Tuesday, February 24, 2015

A intervenção do Estado aumenta a desigualdade económica?

Há quem diga que sim:

Less Economic Freedom Equals More Income Inequality, por Ronald Bailey (Reason)
Economic freedom and income inequality revisited: Evidence from a panel error correction model, por Nicholas Aspergis, Oguhzan Dincer e James Payne:

We investigate the causal relationship between income inequality and economic freedom using data from U.S. states over the period 1981 to 2004 within a panel error correction model framework. The results indicate bidirectional causality between income inequality and economic freedom in both the short and the long run. These results suggest that high income inequality may cause states to implement redistributive policies causing economic freedom to decline. As economic freedom declines, income inequality rises even more. In other words, it is quite possible for a state to get caught in a vicious circle of high income inequality and heavy redistribution.
O que eu suspeito - que a relação entre estatismo e desigualdade depende do tipo de intervenção: desconfio que altos impostos reduzem a desigualdade e que muita regulamentação aumenta a desigualdade.

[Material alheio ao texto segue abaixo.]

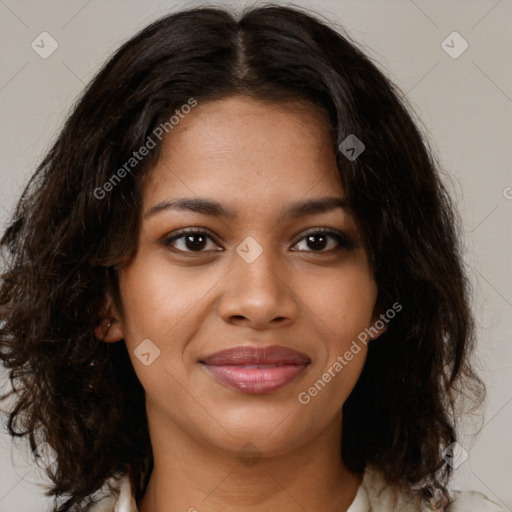 Joyful black young-adult female with medium  brown hair and brown eyes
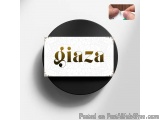 The image is a circular logo with a black background and a white background. In the center of the logo, there is a text that...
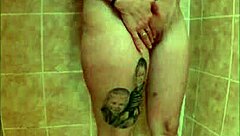 Intense squirting housewife with pierced nipples goes wild in amateur shower close-up action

Já agora, a respeito dessa diferença entre "impostos" e "regulação" como formas de intervenção estatal, o post Economic freedom and the size of government, or does paying taxes boost freedom?, por Tyler Cowen, e o paper Economic Freedom and the Size of Government, por James Mahon, argumentado que altos impostos estarão associados com maior liberdade económic (a esse respeito, um comentador do post de Cowen escreve "High taxes may indicate the government has used the tax system to achieve certain policy ends, rather than keeping taxes low but achieving those ends through extensive regulation. For instance, a pollution tax versus detailed emissions and building regulations for your factory" e outro "Lets say that some law of electoral dynamics means that the government every rich democracy must do roughly the same amount of stuff. Then raising taxes as buying your desired outcome requires only one form compulsion. Whereas regulating it into existence involves myriads".)